八月十五夜のこの行事は今年はなかったようだ。
川内川を跨いで国道三号線が走っている。そこに架かる橋を太平橋と言う。昔はもう少し上流側にあった。その橋の下に港があり鹿児島方言で【トトンクッ】と言う。漢字で書くと【渡唐口】である。
朝鮮征伐の時、島津の軍船はここから出港した。下流左岸に【ぐみざき(久見崎)】、右岸に【からはま(唐浜)】がある。久見崎には【想夫恋】と言う踊りがある。今は絶えたかもしれないがみな、この朝鮮出兵に由来している。
昔の太平橋は鉄骨トラス構造の立派なものだった。聞くところではロンドンのテムズ川に架橋する予定を誰かがねじ込んで川内に持って来たとか来なかったとか。終戦直後、よくこの橋を渡って銭湯に行った。橋板がところどころぬけていたが気にも留めなかった。

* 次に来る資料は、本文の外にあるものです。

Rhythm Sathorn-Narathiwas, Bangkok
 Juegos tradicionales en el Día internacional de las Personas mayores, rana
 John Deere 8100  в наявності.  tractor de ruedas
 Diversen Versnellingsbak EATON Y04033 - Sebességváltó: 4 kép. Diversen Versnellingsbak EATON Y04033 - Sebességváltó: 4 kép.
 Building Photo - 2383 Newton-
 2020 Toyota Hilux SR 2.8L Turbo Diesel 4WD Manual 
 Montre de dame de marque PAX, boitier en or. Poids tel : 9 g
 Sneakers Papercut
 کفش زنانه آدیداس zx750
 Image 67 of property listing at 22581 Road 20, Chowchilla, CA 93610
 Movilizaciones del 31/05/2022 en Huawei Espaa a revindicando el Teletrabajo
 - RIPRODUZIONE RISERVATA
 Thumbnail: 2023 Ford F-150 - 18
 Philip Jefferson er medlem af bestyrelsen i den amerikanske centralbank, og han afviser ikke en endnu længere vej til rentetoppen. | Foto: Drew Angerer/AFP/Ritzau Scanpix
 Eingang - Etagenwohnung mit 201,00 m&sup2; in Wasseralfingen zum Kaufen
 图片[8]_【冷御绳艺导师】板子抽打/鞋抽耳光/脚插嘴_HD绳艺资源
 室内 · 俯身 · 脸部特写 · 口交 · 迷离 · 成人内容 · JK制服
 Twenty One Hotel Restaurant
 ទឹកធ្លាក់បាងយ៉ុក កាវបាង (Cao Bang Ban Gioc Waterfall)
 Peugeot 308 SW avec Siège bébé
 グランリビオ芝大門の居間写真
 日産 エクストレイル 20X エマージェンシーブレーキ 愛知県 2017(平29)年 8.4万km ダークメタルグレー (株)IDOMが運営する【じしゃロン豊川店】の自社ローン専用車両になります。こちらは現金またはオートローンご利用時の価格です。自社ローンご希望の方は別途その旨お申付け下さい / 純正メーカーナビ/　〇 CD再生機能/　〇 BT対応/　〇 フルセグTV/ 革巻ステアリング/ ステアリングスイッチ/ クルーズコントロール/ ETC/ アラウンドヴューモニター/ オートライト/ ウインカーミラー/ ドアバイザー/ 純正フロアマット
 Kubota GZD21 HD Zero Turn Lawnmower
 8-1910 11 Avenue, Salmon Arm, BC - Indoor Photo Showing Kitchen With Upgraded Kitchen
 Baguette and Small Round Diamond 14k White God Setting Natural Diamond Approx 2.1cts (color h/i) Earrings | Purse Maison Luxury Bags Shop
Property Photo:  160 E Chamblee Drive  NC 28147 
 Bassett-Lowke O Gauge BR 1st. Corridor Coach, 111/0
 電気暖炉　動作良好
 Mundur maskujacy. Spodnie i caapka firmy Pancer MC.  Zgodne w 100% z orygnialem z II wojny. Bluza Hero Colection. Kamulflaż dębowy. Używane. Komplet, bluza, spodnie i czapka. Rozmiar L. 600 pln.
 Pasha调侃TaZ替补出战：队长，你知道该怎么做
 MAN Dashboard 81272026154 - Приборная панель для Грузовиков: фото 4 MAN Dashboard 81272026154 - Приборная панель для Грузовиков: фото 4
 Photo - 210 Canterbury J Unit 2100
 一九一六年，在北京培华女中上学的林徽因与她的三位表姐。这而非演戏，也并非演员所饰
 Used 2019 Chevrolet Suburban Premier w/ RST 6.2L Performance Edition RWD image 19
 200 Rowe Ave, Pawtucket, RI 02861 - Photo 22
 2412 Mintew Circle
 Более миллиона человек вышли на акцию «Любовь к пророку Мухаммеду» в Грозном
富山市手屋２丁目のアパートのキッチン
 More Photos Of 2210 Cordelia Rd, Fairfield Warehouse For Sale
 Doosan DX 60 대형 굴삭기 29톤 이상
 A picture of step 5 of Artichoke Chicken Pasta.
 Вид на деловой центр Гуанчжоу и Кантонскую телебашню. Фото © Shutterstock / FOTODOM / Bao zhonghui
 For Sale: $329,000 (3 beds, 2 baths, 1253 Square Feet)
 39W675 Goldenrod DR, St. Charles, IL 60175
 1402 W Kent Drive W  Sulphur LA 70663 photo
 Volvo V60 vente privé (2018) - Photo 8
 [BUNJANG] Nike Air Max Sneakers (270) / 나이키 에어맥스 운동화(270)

川の左岸を向田と言った。一面の湿地で満潮時には海水が、干潮時には川の水が辺りに満ちた。我が先祖は代々この辺りに居たようだが何を生業にしていたのかさっぱり分からない。もう少し遠くに日暮丘と言って昔、室町時代に日暮乃長者なる分限者が住んでいたらしい。その奥方【巣山おかめ殿】(絶世の美女)と幼い子供達の悲しい物語が謡曲【鳥追い】で知られている。古来この辺りを巣山と言って代々美女が出る事で有名であった。私が知っている美女は今、埼玉県和光市に、今一人は川崎市高津区に健在である。
その山側に行った地域、現在の薩摩川内駅の山側を平佐と言った。有名な作曲家【武満徹】氏はここの出身、有島生馬、武郎もまたこの地の出身である。
川の右岸一帯を大小路と言う。何とも雅な地名であるが往古、薩摩国府、国分寺等があったからであろう。そこに可愛(エノ)山稜があって天孫ニニギノミコトが祀られている。薩摩国一ノ宮新田八幡宮もここにある。この山は航空写真で見ると亀が川に向かっているような形をしている。古老たちは『こいが出亀じゃっでや、入い(り)亀ならよかいどん』と言い合った・・・要は財が出て行くばかりで入って来ないと言う意味である。
いくらでも出て来るが朝までかかりそうなのでやめる。で、その綱引きだが、曳く前に押す、つまり両岸から走って行って橋の上で衝突、相手を川に投げ落とす。だから高校生以上でなければ危なくって・・・。